Он прочел маленькую поэму графа А. К. Толстого "Илья Муромец" и при этом очаровал своих слушателей художественною передачею полной эпической простоты воркотни старого, заслуженного киевского богатыря-вельможи, обидевшегося на князя Владимира Красное Солнышко за то, что тот как-то обнес его чарою вина на пиру, покинувшего чрез это его блестящий двор и уезжавшего теперь верхом на своем "чубаром" в свое родное захолустье, чрез дремучий лес. Когда Федор Михайлович читал финальные стихи поэмы:

И старик лицом суровым
Просветлел опять.
По нутру ему здоровым
Воздухом дышать;
Снова веет воли дикой
На него простор,
И смолой и земляникой
Пахнет темный бор… -

одушевление его, казалось, достигло высшей степени, потому что заключительные слова "и смолой и земляникой пахнет темный бор…" были произнесены им с такою удивительною силою выражения в голосе, что иллюзия от истинно художественного чтения произошла полная: всем показалось, что в зале "Благородки" действительно запахло смолою и земляникою… Публика остолбенела, и, благодаря этому обстоятельству, оглушительный гром рукоплесканий раздался лишь тогда, когда Федор Михайлович сложил книгу и встал со стула.

Отец и муж

Любовь Федоровна Достоевская:

На протяжении всей своей жизни Достоевский был очень гостеприимным и любил в дни семейных праздников объединять за столом своих родных и родню жены. Он был тогда очень любезен, выбирал темы для разговора, которые могли бы их интересовать, смеялся, шутил и соглашался даже иногда поиграть в карты, хотя и не любил эту игру.
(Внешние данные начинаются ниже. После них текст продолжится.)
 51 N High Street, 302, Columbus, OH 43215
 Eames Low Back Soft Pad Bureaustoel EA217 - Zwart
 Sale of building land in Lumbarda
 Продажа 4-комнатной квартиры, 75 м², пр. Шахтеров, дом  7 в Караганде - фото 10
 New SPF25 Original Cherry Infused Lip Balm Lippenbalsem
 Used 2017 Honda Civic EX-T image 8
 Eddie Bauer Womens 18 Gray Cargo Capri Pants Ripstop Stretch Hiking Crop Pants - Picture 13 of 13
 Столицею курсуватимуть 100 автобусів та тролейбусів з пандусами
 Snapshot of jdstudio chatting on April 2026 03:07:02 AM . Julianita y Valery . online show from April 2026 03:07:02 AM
Анна Григорьевна Достоевская:

Когда дети ложились спать, то кто-нибудь из них кричал: папа, Богородицу читать! Он приходил и читал над ребенк<ом> Б<огородицу> и затем говорил несколько ласковых слов, целовал в лоб или в губы и уходил, говоря: ну, спите, спите…

Если кто заболевал хоть немного, он говорил: доктора, доктора.